Our client needed an advanced solution for their photo booth in a theme park, where the photos captured of a specific attraction must be processed for the correct extraction of each row of the little train (boat), this to provide end users with excellent quality images of their visit to the park and specifically the use of extraction. The initial photos were sent through a RabbitMQ messaging system. The main challenge was to develop a service that could:
- Read messages from RabbitMQ that contain image IDs.
- Download the original images from the Barrel API.
- Process the images to cut each row of the attraction using an artificial intelligence model.
- Generate final images of each crop + the original image in a smaller size.
- Send the processed images back to the Barrel API for presentation and sale
Unow Solutions developed the system”Photocomposition” to address this challenge. The following are the main features and improvements implemented:
- Reading Messages from RabbitMQ:
- We implemented a Python service that subscribes to the RabbitMQ queue to read messages containing image IDs.
- Interaction with the Barrel API:
- The service consults the API to download the original images.
- Detection of the start and end of each train (boat) with Artificial Intelligence:
- We developed and trained an artificial intelligence model specialized in detecting the initial and final position of each boat. This model, trained by our team, ensures high accuracy and efficiency in image detection.
- Artificial intelligence was trained using a diverse set of image data to ensure that it can handle a wide variety of scenarios and lighting conditions.
- Trim each row:
- Once the boat has been detected, the service proceeds to make the cuts of each of the rows of the train, this evaluated if at least one person is actually detected in the row.
- Create an image of each of the rows + image of the boat with all the rows:
- Once the cutouts have been made, the service integrates each of the cropped photos with the image of the complete boat with all the rows for subsequent submission to the API.
- Sending Processed Images:
- The processed images are sent back to the Barrel API for viewing and sale at the theme park.
- Error Management and Unit Testing:
- We implement a robust error management system to handle any failure during the image download, processing or upload process.
- Extensive unit tests were performed to ensure the reliability of the service.
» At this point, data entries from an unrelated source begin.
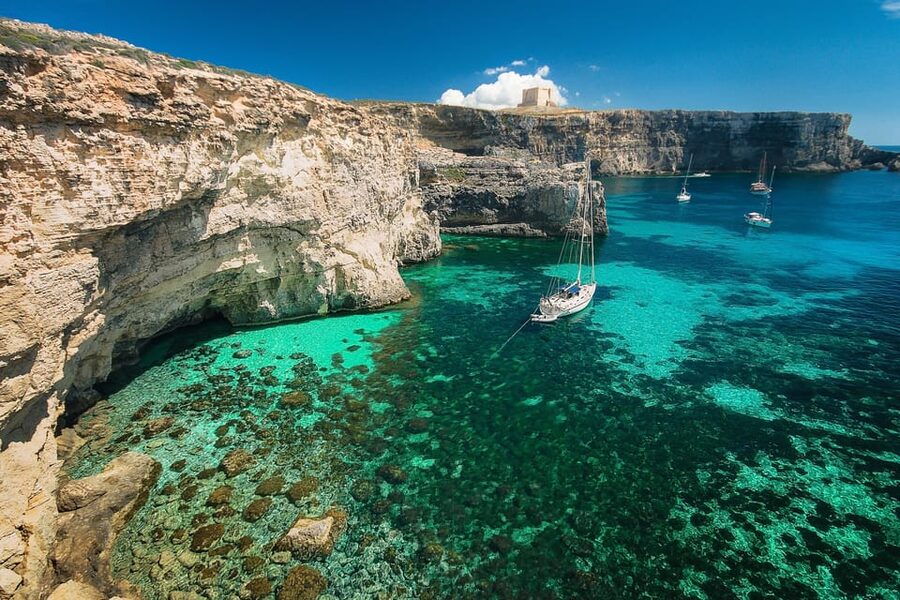 From St. Julian's: Gozo, Comino, Blue Lagoon by Powerboat - Blue Lagoon rules and the afternoon swim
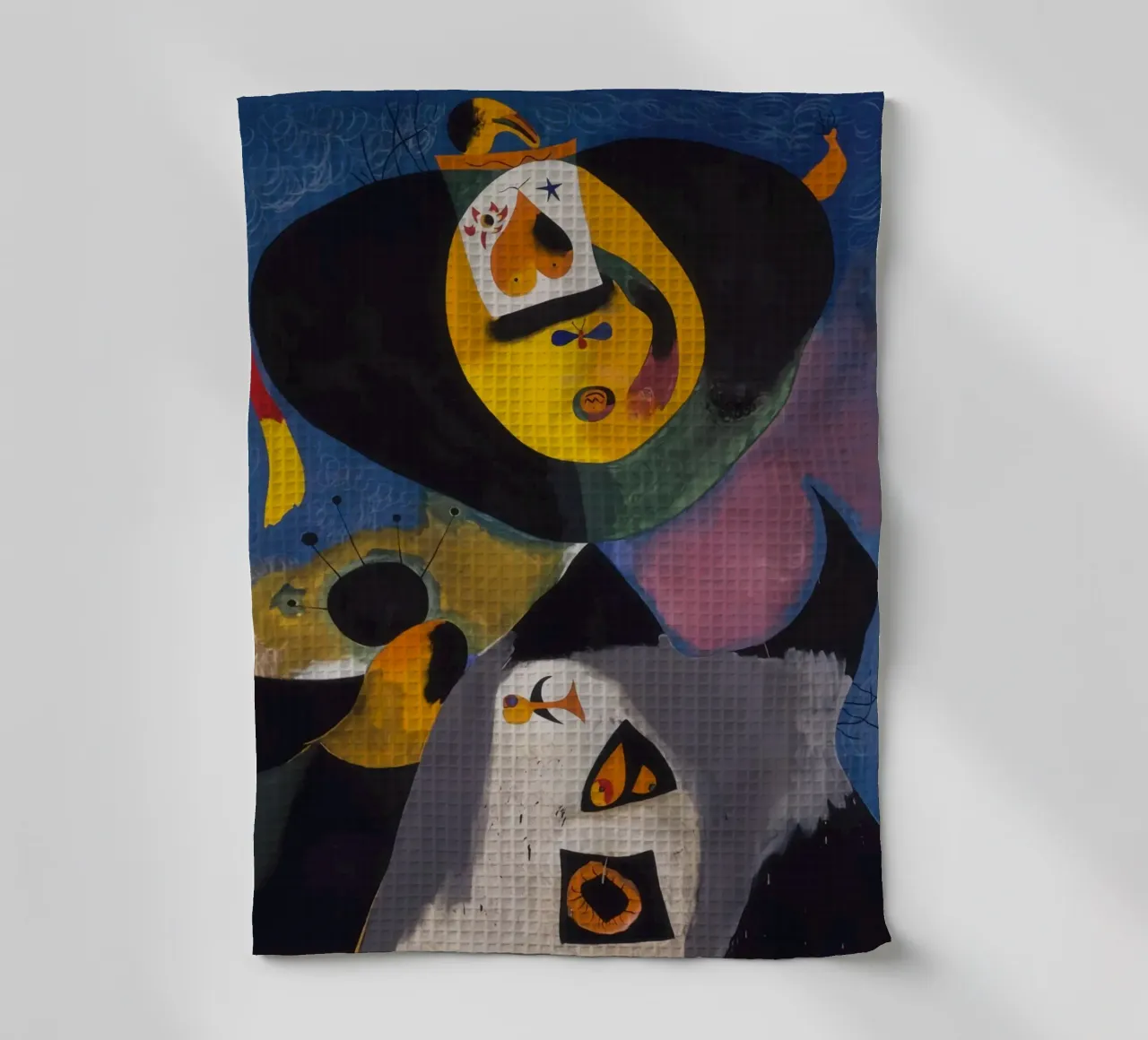 joan miro portrait no 1 Geschirrtuch von phillipp veisenberg
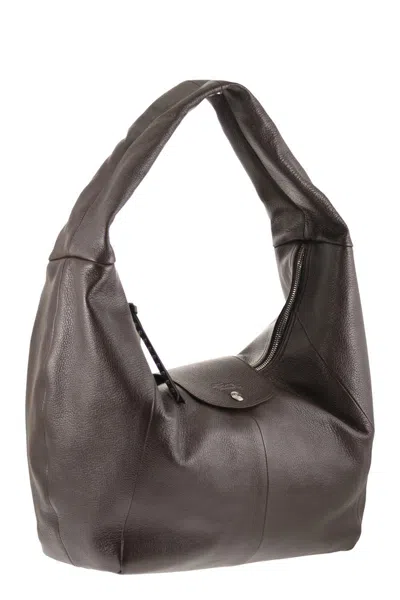 Longchamp Hobo - Leather Bag L In Brown
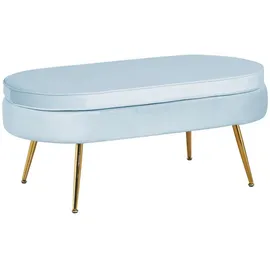 SalesFever Clam oval hellgrau/gold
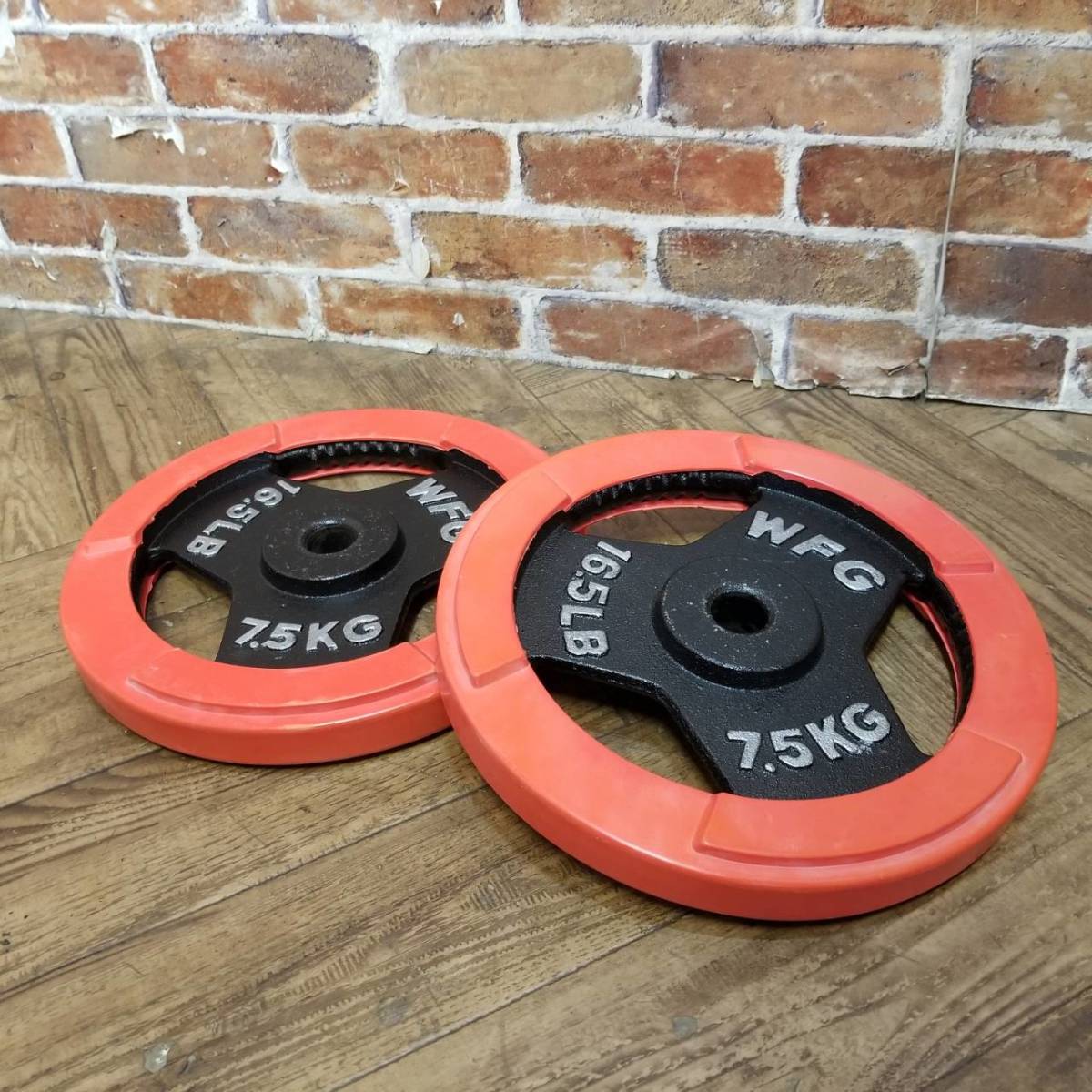 WILDFIT ダンベルプレート 7.5キロ2枚 レギュラー プレート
Using agile methodologies and a rigorous QA process, we were able to meet all of Barrel's requirements. The customer expressed satisfaction with the workflow, the communication and the results obtained. The main advantages are:
- Efficient and Scalable Processing: The solution is capable of handling large volumes of images quickly and accurately.
- Improved End User Experience: The processed images allow each user to take a memory of a photo with their loved ones, thus strengthening family ties and making their visit to the park an unforgettable trip.
Resource Optimization: Automating the process reduces the need for manual intervention, allowing Barrel staff to focus on other critical areas of the business.